There are some minor variations across GPU hardware revisions and driver versions, but the following are common:

Use of tessellation or geometry shaders
Small number of vertices and/or draws
High ratio of texture samples in vertex shaders to vertices

Note

Snapdragon Profiler ‘Rendering Stages’ metric in Trace capture can display per-surface information, which includes the rendering mode used for the given surface.

Is the full Vertex Shader used when performing binning?

In the binning process, a specialized shader is used. This is generated by the compiler from the original shader and only uses the portions that touch the position related data. The full VS shader is executed later in the Render Pass.

Is binning affected by fragment Z occlusion?

Binning will not be affected by full resolution Z occlusion. Starting on A5X GPUs, an LRZ pass happens in binning and can discard tile wide contributions.
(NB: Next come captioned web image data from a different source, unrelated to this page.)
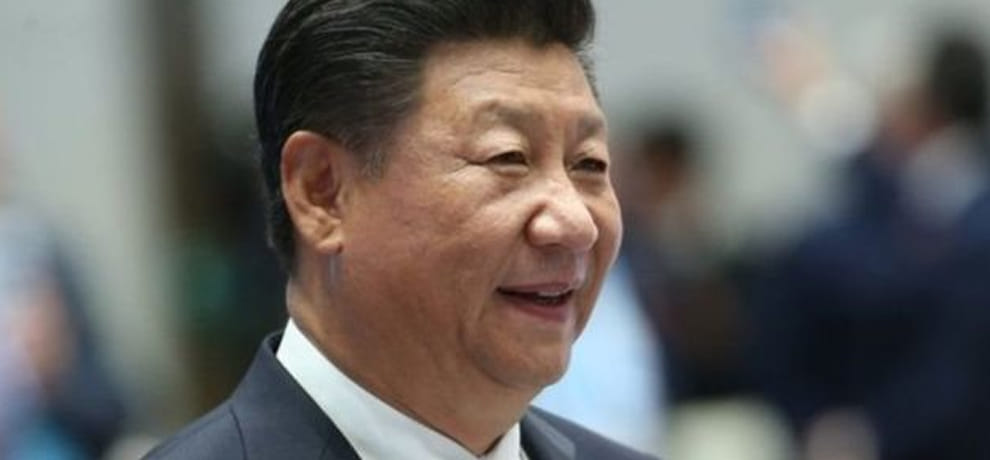 Communist Party China 19th National Congress Xi jinping can become leader and president again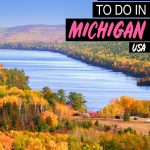 things to do in Michigan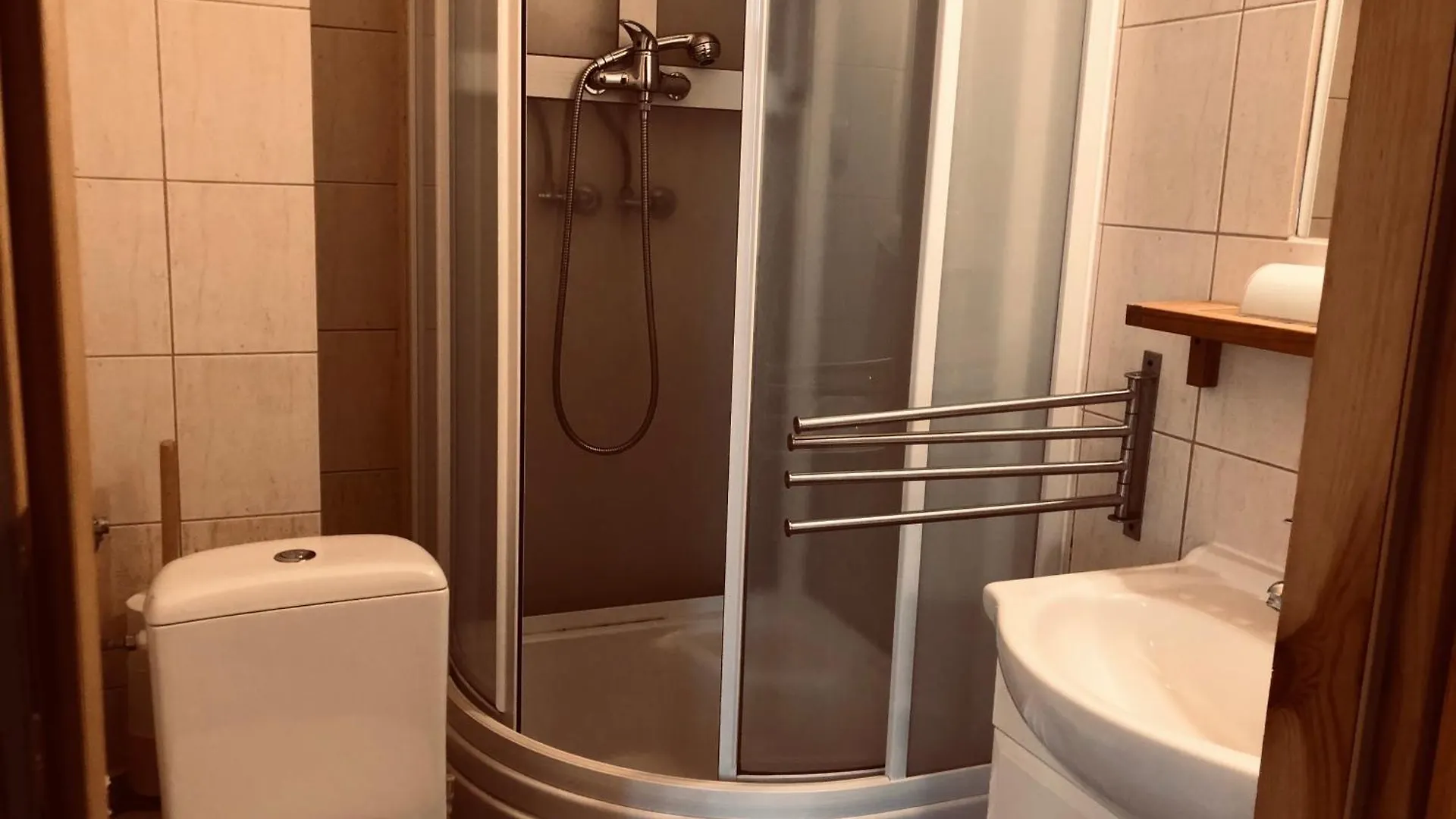 Kwatera prywatna Apartament Dom Sw. Stanislawa Zakopane Polska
What is the CPU cost of binning?

The CPU cost can be considered negligible. The binning process is performed in the GPU and the visibility streams generated (which dictate which drawcalls affect which bins) are placed in system memory for the GPU to be consumed in the render pass.
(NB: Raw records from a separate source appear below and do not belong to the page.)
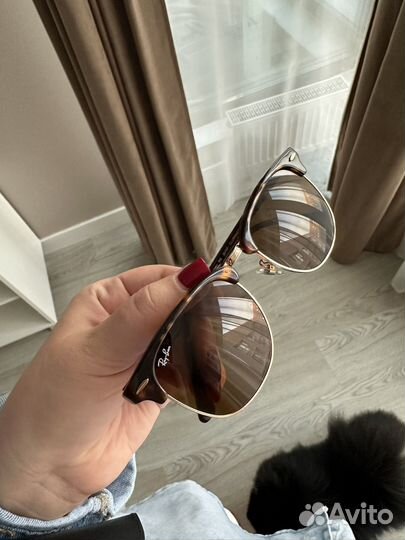 Очки ray ban / оригинал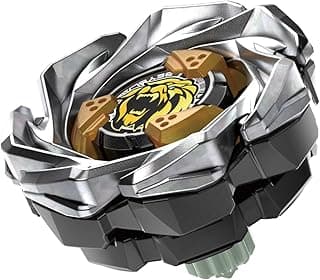 Takara Tomy Beyblade X | UX-06 Booster Leon Crest 7-60GN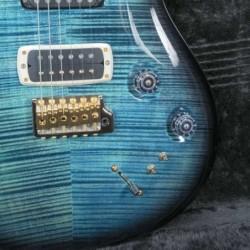 MODERN EAGLE V CC 10 COBALT BLUE PRS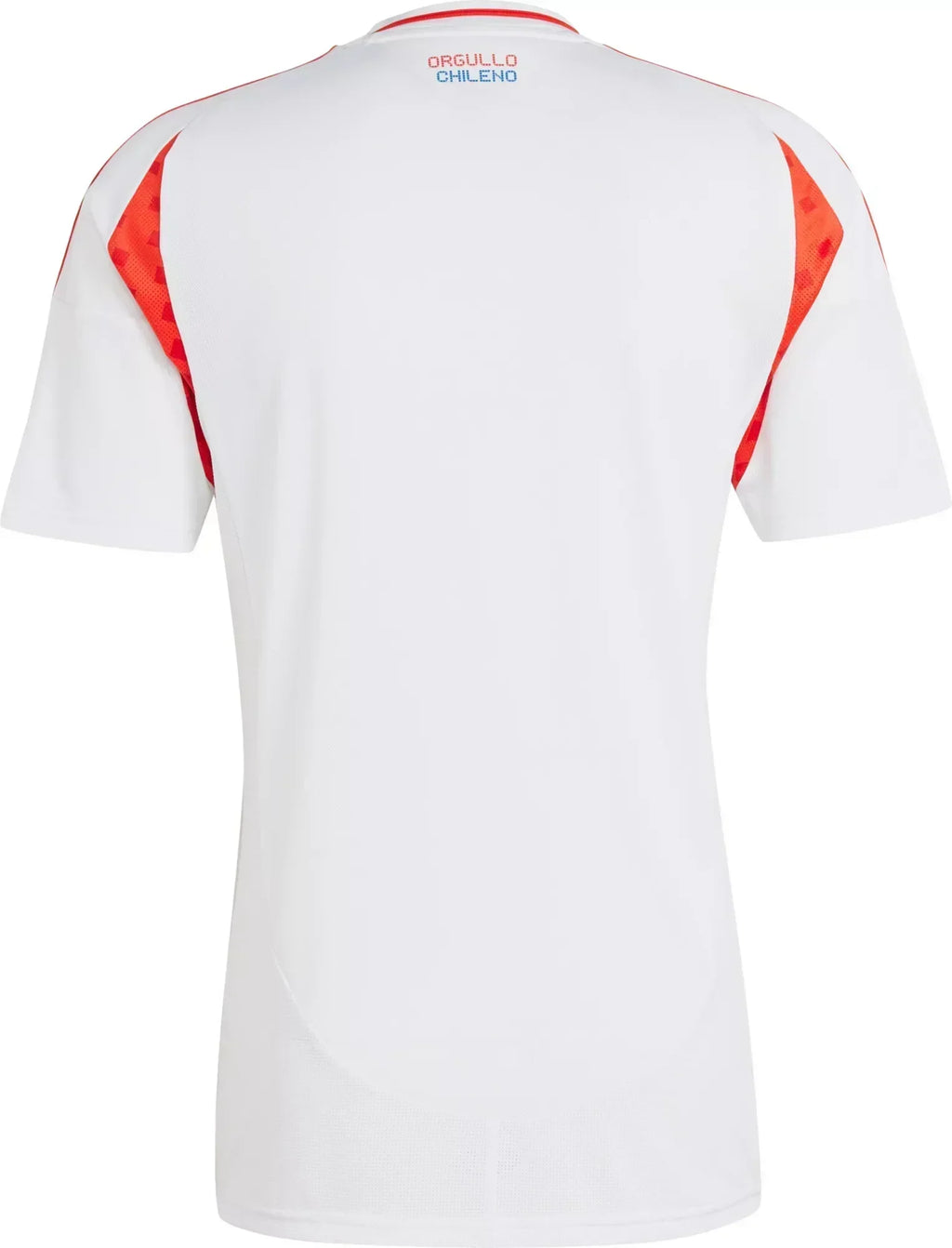 Chile 2024 Away Jersey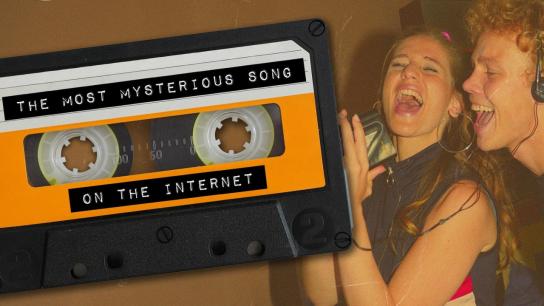 The Most Mysterious Song on the Internet (2025) Image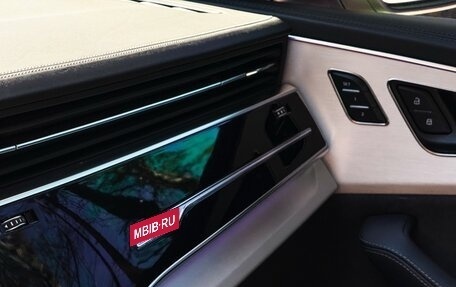 Audi Q8 I, 2022 год, 10 000 000 рублей, 22 фотография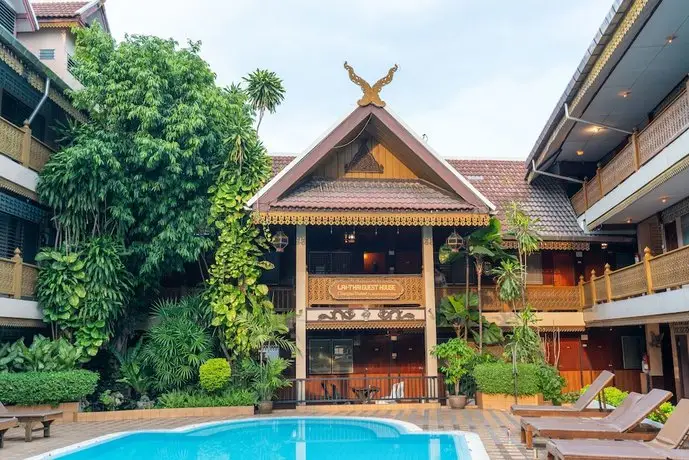 Lai Thai Guest House 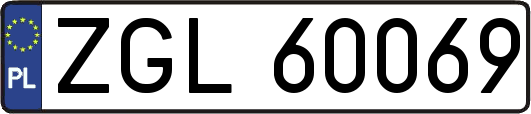 ZGL60069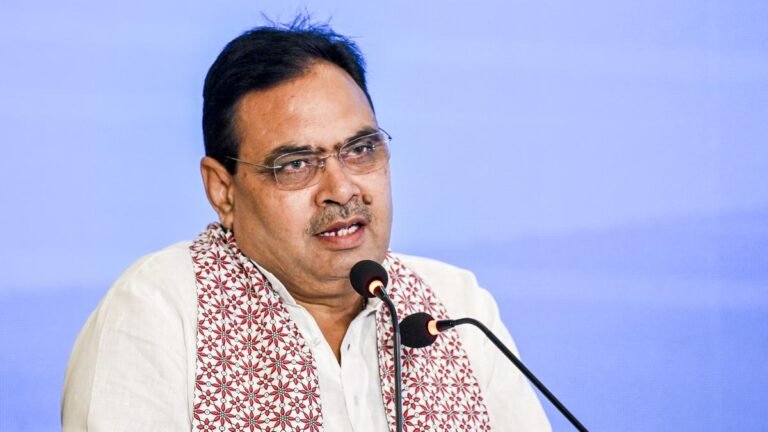 Rajasthan Cabinet approves the first sports university, simplifies the rules of family pensions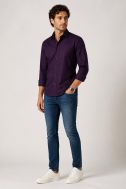 Camisa Ingram Slim SKTA5F87D8SLIMH3B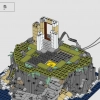 Моторизованный маяк (LEGO 21335)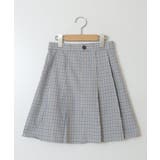 [100-130]アソートプリーツスカート | a.v.v【KIDS】 | 詳細画像38 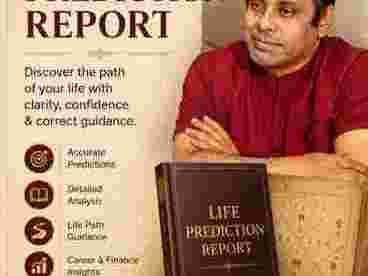 book-personalized-life-prediction-report-now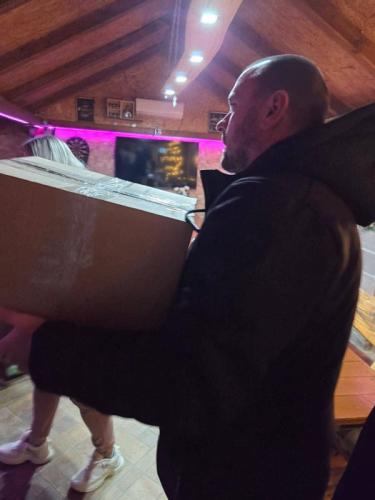 22.12.2025. Adventski kalenDAR DOBROTE 2025_23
If a primitive spans multiple tiles, will the GPU insert synthetic vertices at tile boundaries?

The full primitive will be rasterized per tile (no added verts at tile bounds).

If lots of these cases exist (perhaps in ground level rendering, etc.), it is recommended to decimate the object.

Vulkan

Is there a performance impact of using Vulkan Secondary Command Buffers?

Yes. On A5X and later GPUs, secondary command buffers cause LRZ to be disabled.

Is there a performance benefit or cost to using push constants?

On A5X, GPUs push constants are not recommended.

Hardware changes on A6X GPUs resolved many of the issues, and push constants will perform better when used with frequently changing data.

Static vs. dynamic state?

There is not a significant difference in performance when using dynamic state, so either states can be used as needed.

What is the recommended usage SSBO vs. UBO vs. Texture fetch?

It depends on the usage and size of the buffers.

Never use descriptor types or STORAGE_BUFFER or STORAGE_IMAGE if the shader usage is “Read-only”. Reading data from SSBOs or Image buffers effectively become texture fetches so performance/latency would be similar.

There are 8k of constant memory per SP so reading from UBOs which fit within that 8k would perform better than SSBOs or Images. However, the situation shifts if UBO data is larger than 8k since UBO data will be read directly from system memory by each wave without the benefit of the texture cache which SSBOs and Images would have.

What is the recommended sampler type?

It is recommended to use VK_DESCRIPTOR_TYPE_COMBINED_IMAGE_SAMPLER because of how the Adreno GPU works with Bindless mode.

When using a combined image sampler, the GPU can use Bindless mode which is more performant. When using separate samplers, it will fall back to a slower mode.

Performance deltas have shown a decrease by 2-5% in the fill rate for separate samplers.

How to ensure Vulkan Subpasses merged properly?

Specific setup and access flags must be used so that subpasses can merge properly. Visit the Vulkan subpasses to learn more about these flags.

To validate that a subpasses merged properly, use the Snapdragon Profiler ‘Rendering Stages’ metric and/or enable the Vulkan Adreno Layer which will flag subpasses that could not be merged.